Somente depois da inspeção dos auditores, é que o material será enviado ao relator do caso, o ministro Jhonatan de Jesus. O caso está sob sigilo a pedido do relator.
Ele disse que o processo segue em ritmo normal, mesmo no período de recesso por conta da análise da documentação.
Segundo Vital do Rêgo, a documentação está no Banco Central. "O que o Banco Central nos mandou foi uma nota técnica. A documentação está no banco, que abriu para que nós pudéssemos fazer a inspeção, porque essa é a nossa competência", disse. "Certamente a unidade técnica vai se posicionar depois que fizer essa análise."
O presidente informou que o processo de inspeção começou nesta sexta-feira (02), mesmo em recesso. Vital do Rêgo relatou que todas as secretarias do tribunal têm plantonistas a postos para tratar de qualquer situação de emergência. "É um processo absolutamente comum, em que o tribunal fiscaliza o órgão regulador", esclareceu.
O próprio relator, por meio da assessoria de imprensa do TCU, já havia informado que o relatório entregue pelo BC, na última segunda-feira (30), seria analisado pela unidade técnica do TCU antes do seu parecer. "Após essa fase, os autos sobem ao gabinete para exame do relator, ministro Jhonatan de Jesus", informou o comunicado do TCU repassado à imprensa.
Na prática, essa sinalização do relator aponta que ele deve esperar um levantamento da área técnica antes de tomar uma decisão. Há uma preocupação no sistema bancário com o risco de o relator dar uma cautelar suspendendo a liquidação do Master decretada pelo BC em novembro. Entre os riscos de tal medida estaria atrapalhar o processo de pagamento pelo FGC (Fundo Garantidor de Crédito) de títulos de renda fixa não honrados com a liquidação do banco de Daniel Vorcaro.
Ministros do TCU ouvidos nesta sexta-feira, na condição de anonimato, afirmam que a análise da documentação do BC pela área técnica, antes do parecer do relator, diminui o risco de uma medida cautelar durante o recesso do tribunal.
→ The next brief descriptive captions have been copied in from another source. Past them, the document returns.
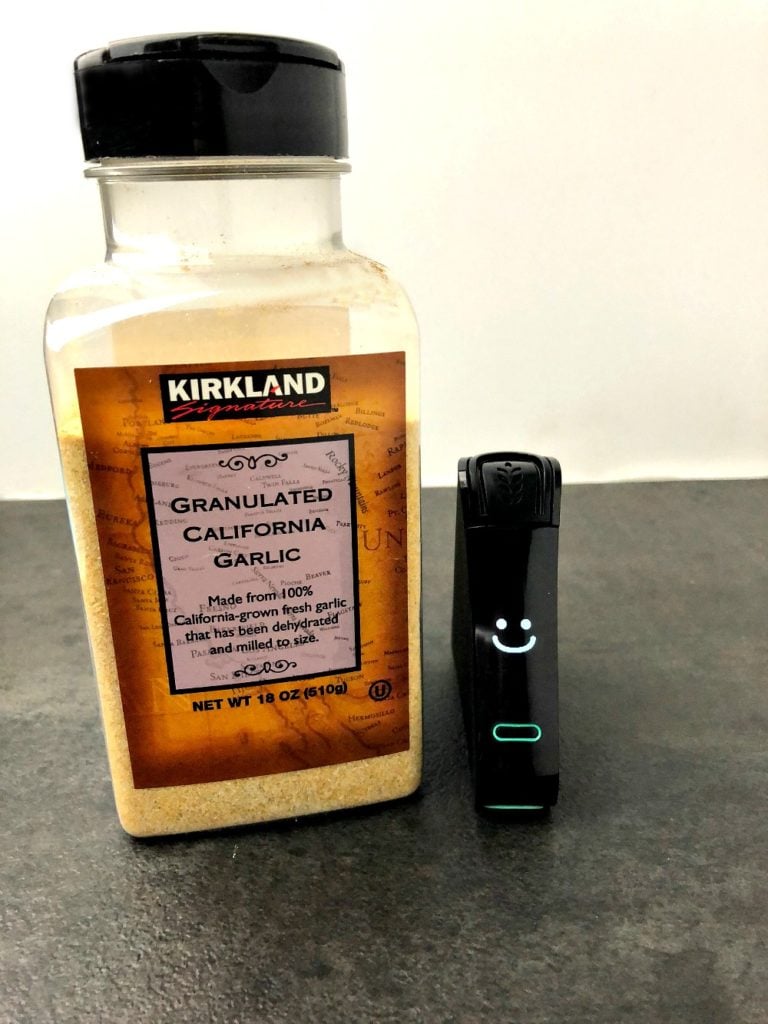 Costco Nima Test reveals Kirkland Garlic Powder is gluten free 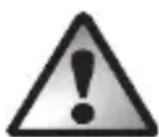 POWERFIX PEK 2.3 A1 - WARNING! Driftsakerhet - 1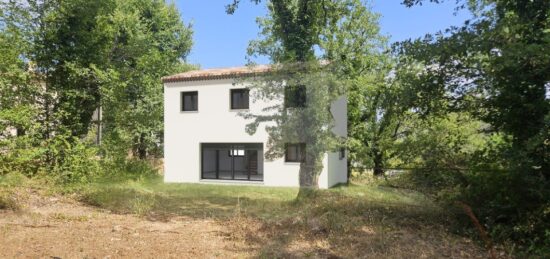 Maison neuve à Callian, Provence-Alpes-Côte d'Azur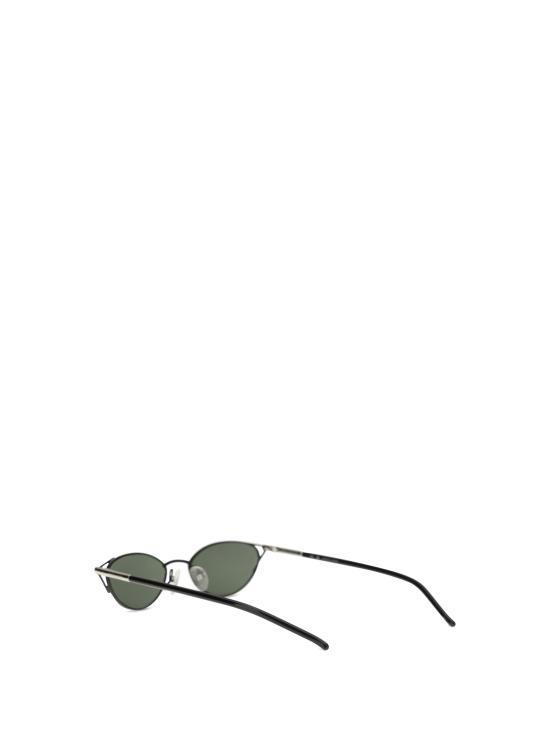 26SS 알렉산더 맥퀸 선글라스 861674I3331 1007 BLACK - ALEXANDER MCQUEEN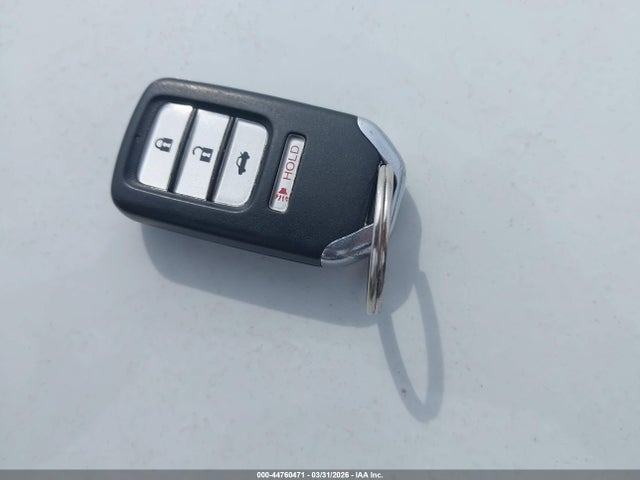 2015 Honda Accord Hybrid Ex-l მანქანა იყიდება აუქციონზე, vin: 1HGCR6F52FA010459, აუქციონის ნომერი: 44760471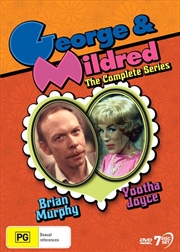 Buy George And Mildred | Complete Series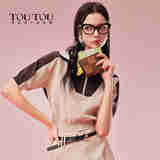 toutou包包女款2025年送女生包女短款零钱包生日礼物送女友 榛子巧克力【生日礼物】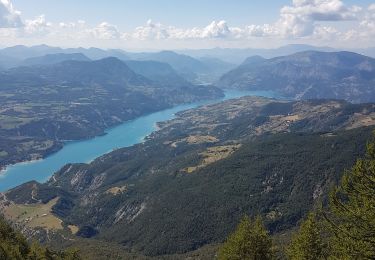 Tocht Stappen Pontis - Morgon par les Traverses, retour par les Ortals - Photo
Como mostrou a Folha de S.Paulo, ministros e técnicos do tribunal, ouvidos avaliam que a corte tem poder legal para investigar a atuação do BC, mas há uma divisão entre eles sobre a força do TCU para anular a liquidação do Master, decretada pelo órgão regulador do sistema bancário brasileiro em novembro.
O TCU faz o que é tecnicamente chamado de análise de "segunda ordem" para verificar se o órgão regulador agiu dentro das competências dele e, no máximo, se aquela decisão atende ao critério de razoabilidade. Não caberia ao TCU avaliar qual é a melhor decisão regulatória a ser tomada.
Apesar da polêmica em torno do alcance do poder de interferência do TCU no caso, a avaliação de ministros mais influentes do tribunal é que não há votos suficientes hoje para aprovação de uma reversão da liquidação do Master. Um ministro influente da corte disse que é improvável que Jhonatan dê uma cautelar suspendendo a liquidação.
A reportagem ouviu relatos de integrantes do TCU e pessoas envolvidas no caso de que o principal foco da defesa de Vorcaro nesse primeiro momento é conseguir no TCU a nulidade do processo do Master no BC, não necessariamente da liquidação do Master, para enfraquecer as decisões da autarquia e mostrar que o processo criminal não deveria ter continuidade. Nesse cenário, ficaria afastado o risco de uma delação mais à frente de Vorcaro, o que é temido por políticos e autoridades influentes que têm ligação com o ex-banqueiro.